Apartemen Derel terletak di lantai paling atas. Sangat mengerikan, bisa terbayang seorang gangguan jiwa memiliki apartemen paling atas. Beberapa kali Ares berdecak kesal, lift ini berjalan sangat lambat. Rasanya ia ingin terbang dan langsung masuk ke dalam apartemen Derel.
"Maaf Tuan, saya mau bertanya. Anda saudaranya Tuan Derel?" tanya OB itu takut-takut.
"Iya. Saya Kakaknya," jawab Ares.
"Oh ... saya sangat berterima kasih. Karena Tuan Derel-lah, anak saya bisa selamat. Saya benar-benar tidak pernah melihat malaikat sebaik Tuan Derel," cerita OB itu, matanya sudah berkaca-kaca.
Vega menatap Ares, sedangkan Ares hanya berdecih. Sebenarnya apa yang diinginkan dia? Dia bersikap sok malaikat pada orang lain. Sampai-sampai resepsionis dan OB ini membela dan memuji-muji dia.

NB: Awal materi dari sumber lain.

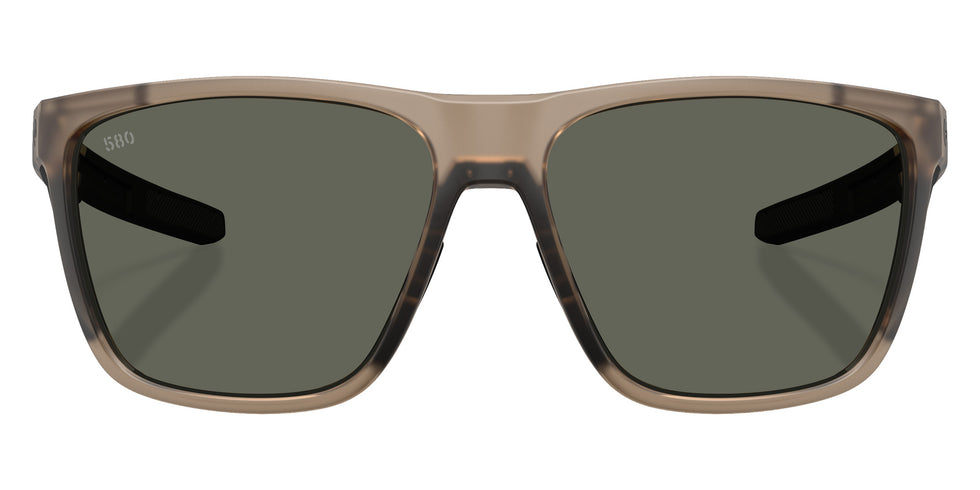 COSTA 6S9012 Ferg XL 901219 62 - Matte Brown Smoke / Gray Polarized #id:6s9012901219_s:108100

"Bagian lantai teratas itu, sepenuhnya milik Tuan Derel. Tidak ada yang datang ke sini, karena Tuan Derel tidak suka kalau ada orang lain masuk ke area dia," jelas OB itu.
"Saya Kakaknya. Bukan orang lain," tekan Ares sedikit emosi.
"Maaf Tuan. Saya tahu, mangkanya saya menghantar Anda ke sini." Pintu lift terbuka. Ares dan Vega bergegas mencari pintu Derel.
"Maaf Teh. Boleh panggil saja Derelnya?" tanya Ares meminta, ia tahu jika ia yang memanggil maka Derel tidak akan membuka pintunya.
"Boleh," jawab OB itu, berdiri di depan pintu. Dia memencet bel pelan, sedikit mengetuk pintu apartemen milik Derel.
"Selamat malam Tuan, maaf mengganggu," ujar OB itu seakan tahu Derel ada di belakang pintu.
Derel membuka pintunya. Dia kaget saat melihat Ares dan Vega di sana. Walau kaget, wajah dia tetap terlihat tenang. "Ada apa Ares? Cowok tengil ini?" tanya Derel menatap Ares kemudian beralih menatap Vega.